The second difference is that militaries are responsible to both the state and the society, whereas PMCs are only responsible to their principals in terms of their contracts. As Martha Minow states, "Military training, unit discipline, the Uniform Code of Military Justice, and international legal standards governing war and armed conflicts ensure accountability for the military but not for private corporations and their employees engaged in military work." According to Peter Warren Singer:
Private employees have distinctly different motivations, responsibilities, and loyalties than those in the public military. No matter their background, while in a private company, employees are directly responsible to the corporation and its executives; they are hired, fired, promoted, demoted, rewarded, and disciplined by the management of their private company, not by government officials or the public.
There are many regulations and laws that keep militaries accountable at both national and international levels. However, there is neither overarching international regulatory framework nor effective regulatory mechanisms at the national level that keep PMCs accountable, including the Geneva Conventions. Moreover, even though some countries have written laws and regulations that seek to exert control over PMCs, enforcement still remains a challenge. Despite the patches to existing gaps in regulations, some PMC personnel still fall outside of the national and international regulatory framework. In other words, PMCs in a sense operate in the grey area.
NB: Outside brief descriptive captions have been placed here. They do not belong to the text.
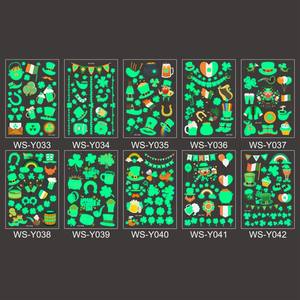 Venta al por mayor impermeable brillo luminoso <span class=keywords><strong>tatuaje</strong></span> temporal pegatinas Día <span class=keywords><strong>de</strong></span> San Patricio tatuajes para adultos, Irlanda fiesta suministros - Product Image 3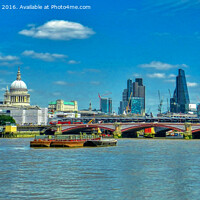 Buy canvas prints of London old and new by David Atkinson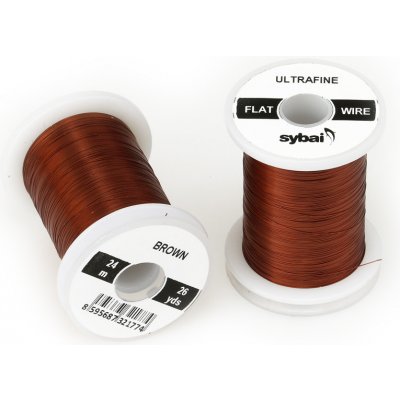 Sybai Drátek Flat Colour Wire Ultrafine Brown – Hledejceny.cz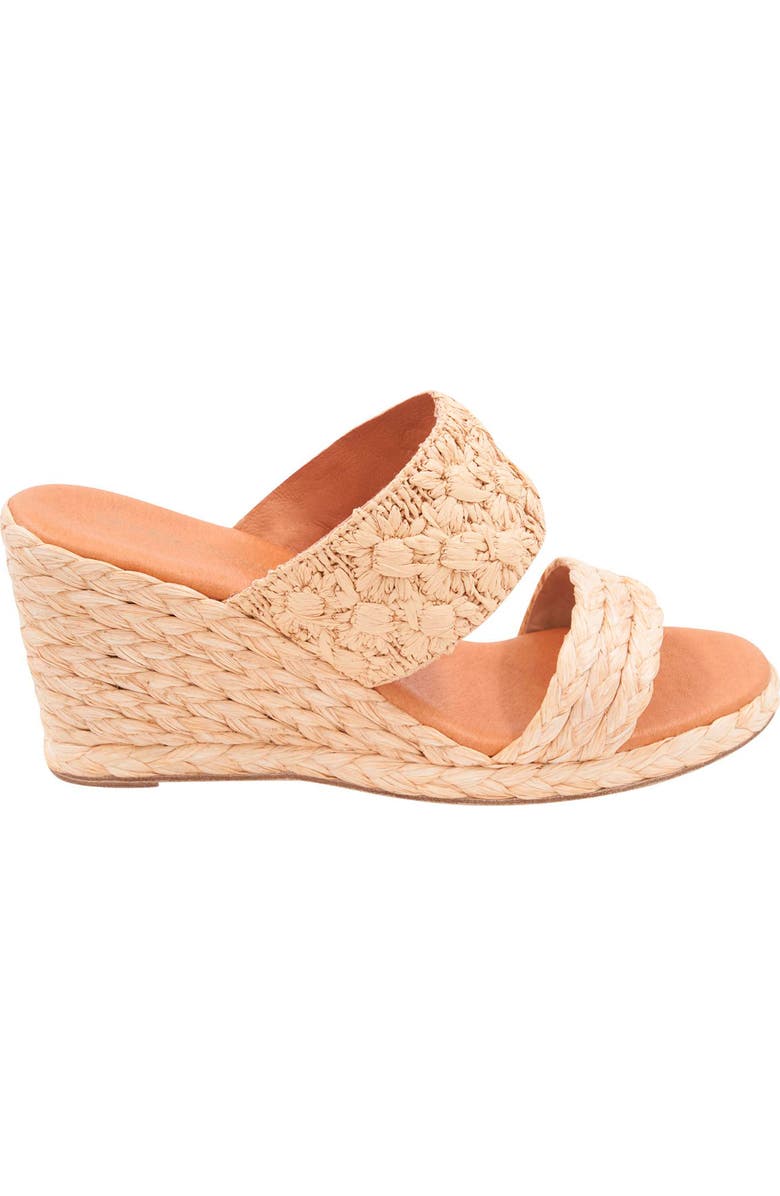 André Assous Nolita Wedge Slide Sandal, Alternate, color, Natural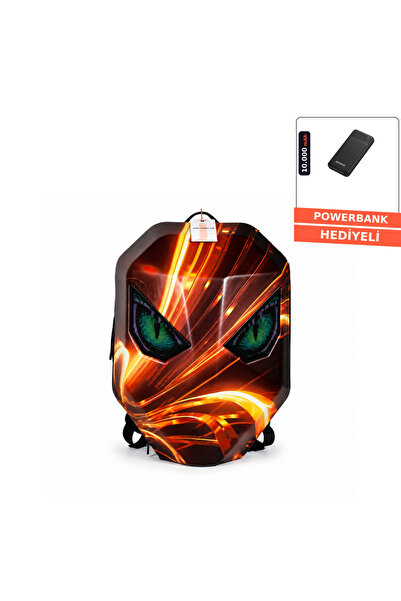 jarmend LED Gözlü Motosiklet Sırt Çantası Kask Bölmeli Sert Kabuk Motorcu Çan...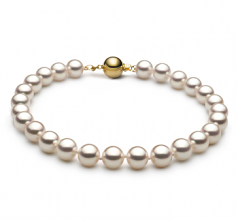 6.5-7mm Hanadama - AAAA Quality Japanese Akoya Cultured Pearl Bracelet in Hanadama 8-inch White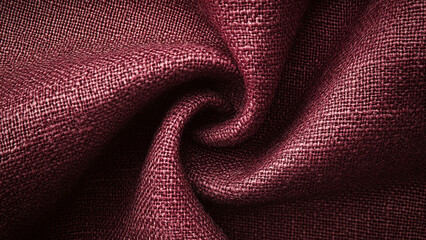 Rich burgundy canvas with a slightly uneven texture and natural look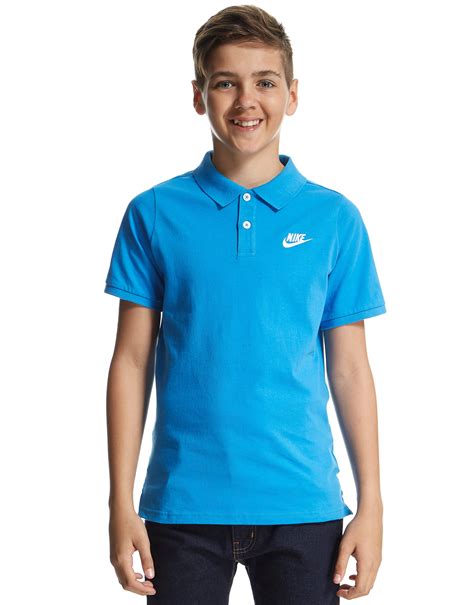 nike franchise polo shirt junior blue kids sports king store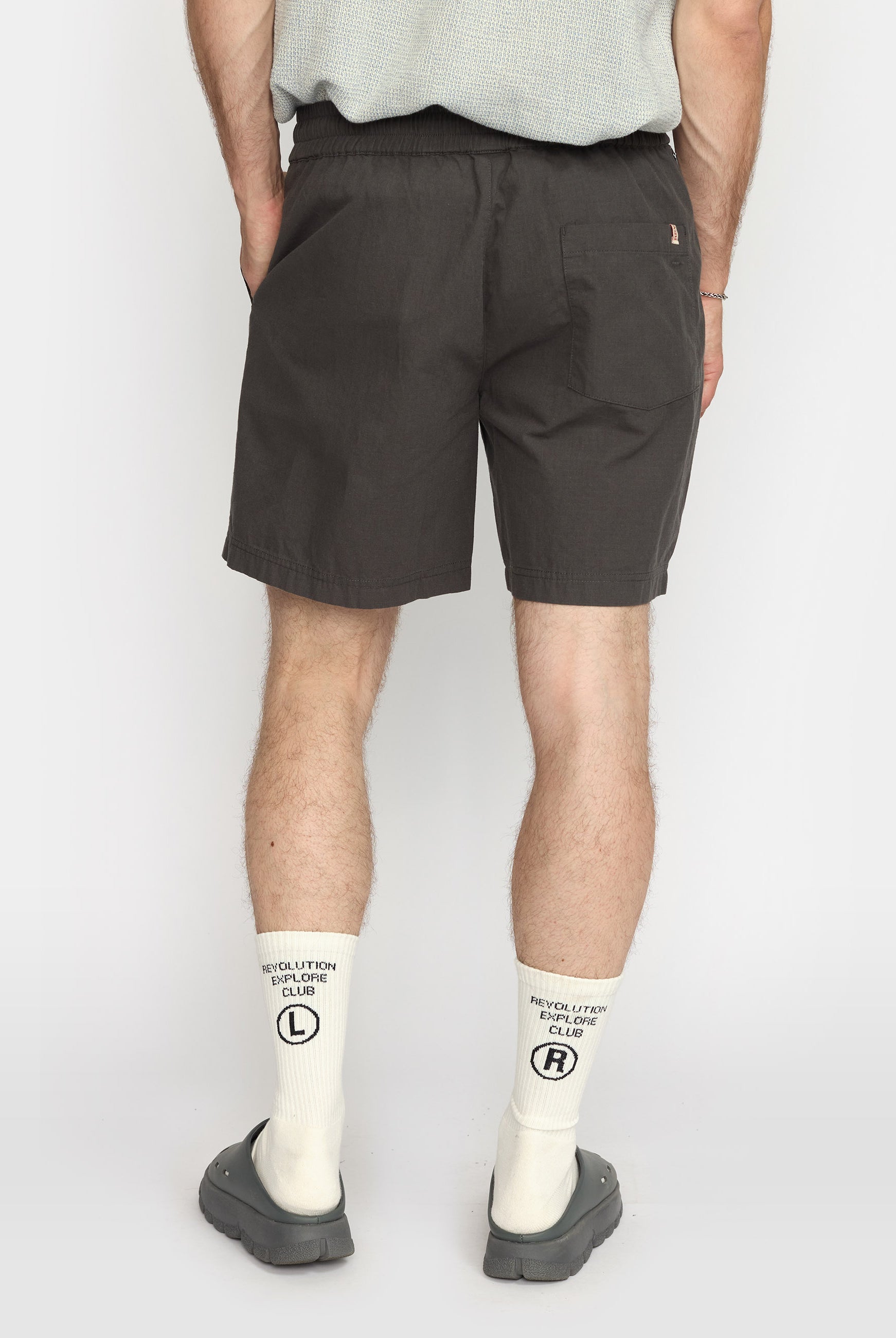 Revolution Casual Shorts Shorts Darkgrey
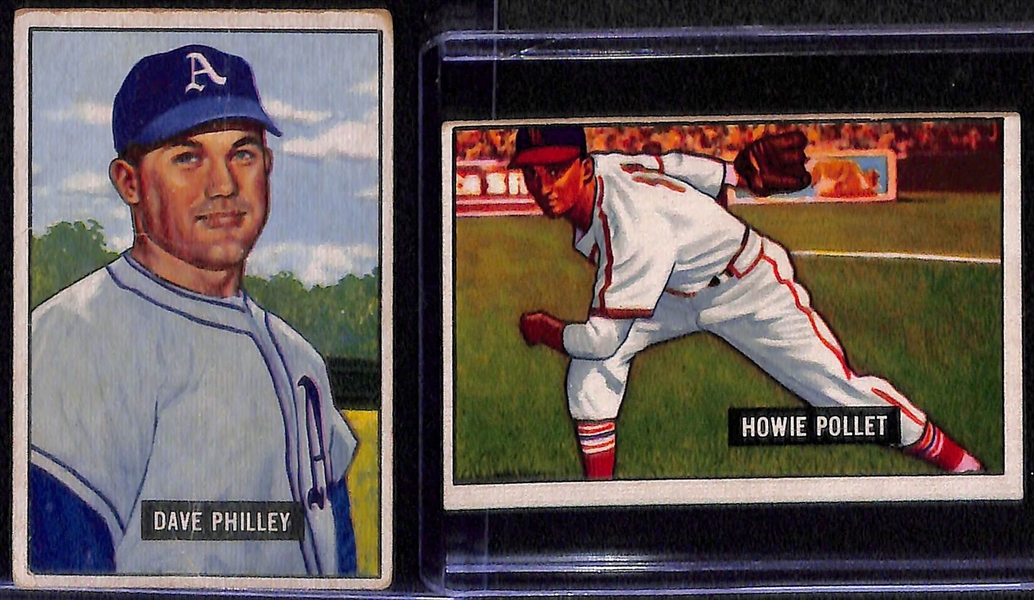 Lot of (17) Different High Numbers 1951 Bowman Baseball Cards w. Frankie Frisch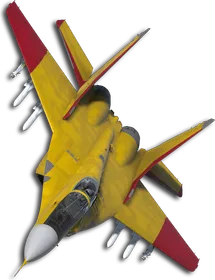 MiG-29A Two-Tone Yellow/Red Skin
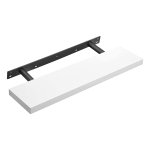 Wandplank – Zwevende Plank voor Boeken en Decoratie – 80x20cm – Wit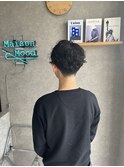 刈り上げマッシュパーマ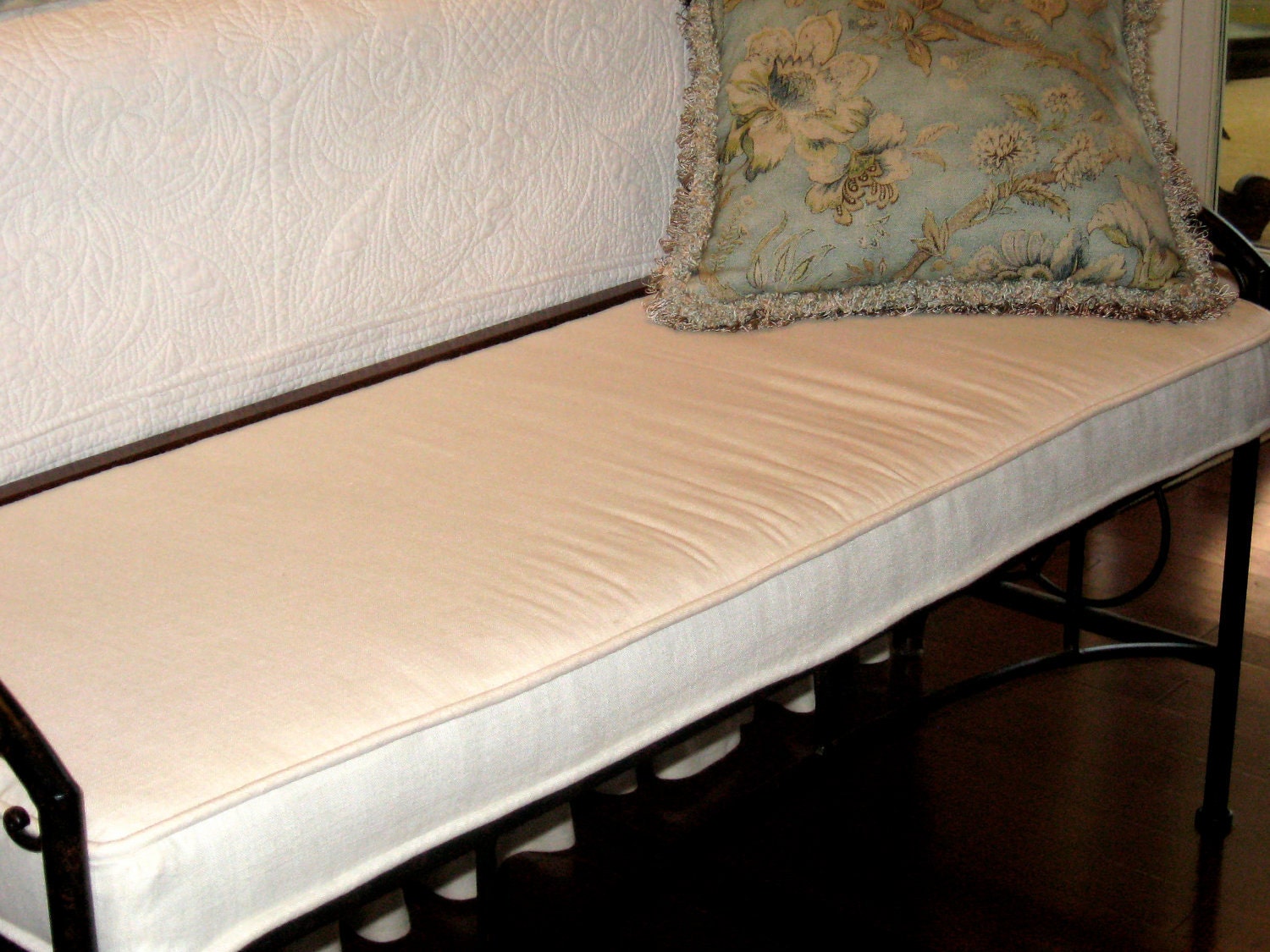 Window Or Bench Seat Cushion And Cover Custom Made In Your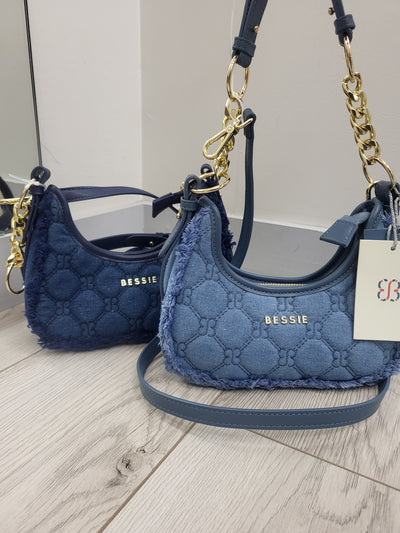 Bessie London Denim bag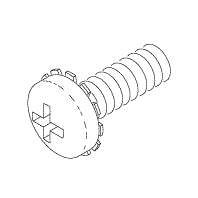 Booth Medical - Screw, 8-32 x 1/2 w/Lockwasher Scican Statim Part: RPH817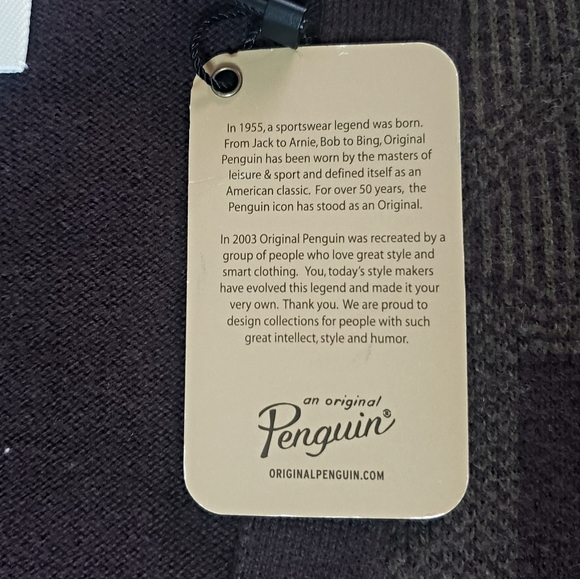 NWT Original Penguin Cardigan Sweater - Picture 11 of 12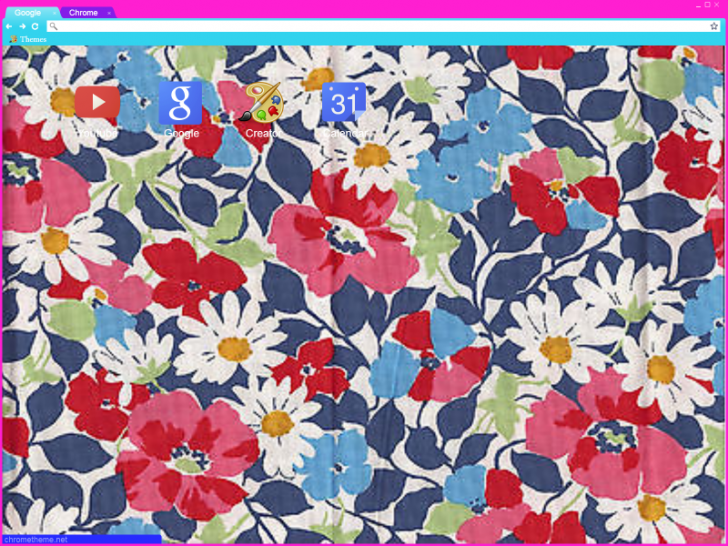 Vera Bradley Summer Cottage Chrome Theme Themebeta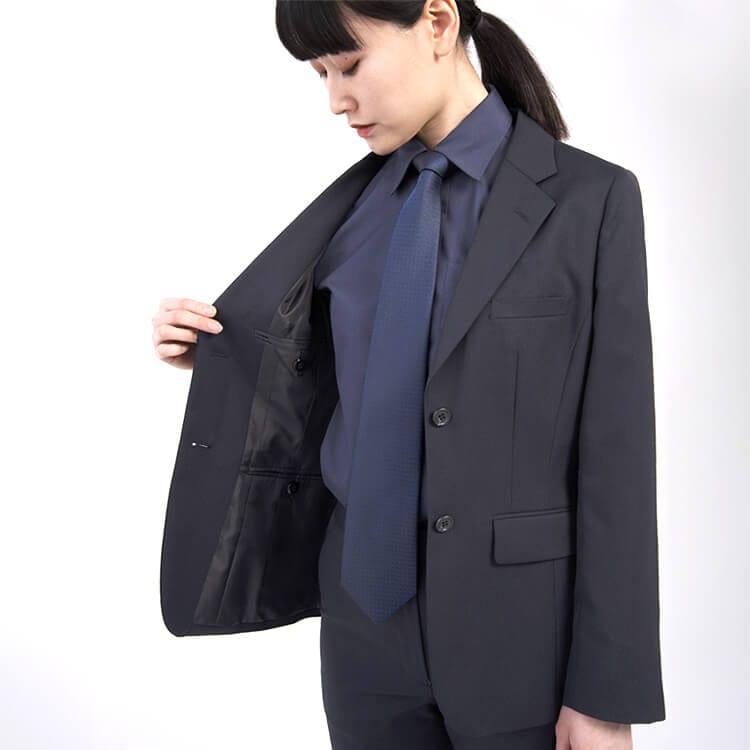 【ネクタイ 無地】 ジャガード織・ポリエステル100% 3色 ホテル制服/レストランユニフォーム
Last but not least; while for militaries there is only one legitimate principal (state), for PMCs, there are many options, including: states, international organizations, such as the UN, regional organizations, non-governmental organizations (NGOs), private corporations, and weak governments. Picking and choosing between multiple principles brings about many potential hazards on the part of the governments that employ them, while providing PMCs with considerable flexibilities. Unlike militaries, PMCs have the opportunity to select between these alternatives, and to switch sides, depending on who pays the most. Integrity and probity, which are important components of the military profession, do not make sense in the private military sector.
Then there is the cost-effectiveness issue. As Bill Clinton might have said, it all depends on what you mean by cost. It also depends on what your time frame is. I find this passage particularly relevant, and not a little ironic, given that the studies mentioned below has been cited by PMC supporters as proving their claims.
In contingency operations, governmental agencies have basically two alternatives: using a military unit, or contracting with a PMC. In this context, in order to properly decide to contract out a particular function, governmental agencies need to know whether it is less expensive to use a PMC rather than a military unit or not. However, there are extraordinary difficulties in making a comparison between a PMC and a military unit.
First, pay is just one factor that determines the total costs. If governmental agencies just rely on direct or production costs in their make-or-buy decisions, they may fail to make the right decision, either by overestimating the possible benefits of outsourcing PMCs or by underestimating the actual costs of outsourcing PMCs. Governmental agencies may waste taxpayer's dollars unless transaction costs are thoroughly analyzed. How, for example, can costs associated with training, healthcare, retirement salaries, and compensations of military personnel be incorporated into calculations and compared? How should training costs for contractors, monitoring, information and contract management costs be taken into account while making comparisons between military units and PMC alternatives? Traditional cost analysis generally ignores these transaction costs.
The second complication is that gathering detailed data with respect to PMCs and military personnel is painstaking. For instance, a March 2010 GAO report demonstrates that the Pentagon could not provide the GAO with critical data to make a comparison, since it does not have enough information regarding "the number of military personnel that would be needed to meet the contract requirements or the cost of training personnel to carry out security functions."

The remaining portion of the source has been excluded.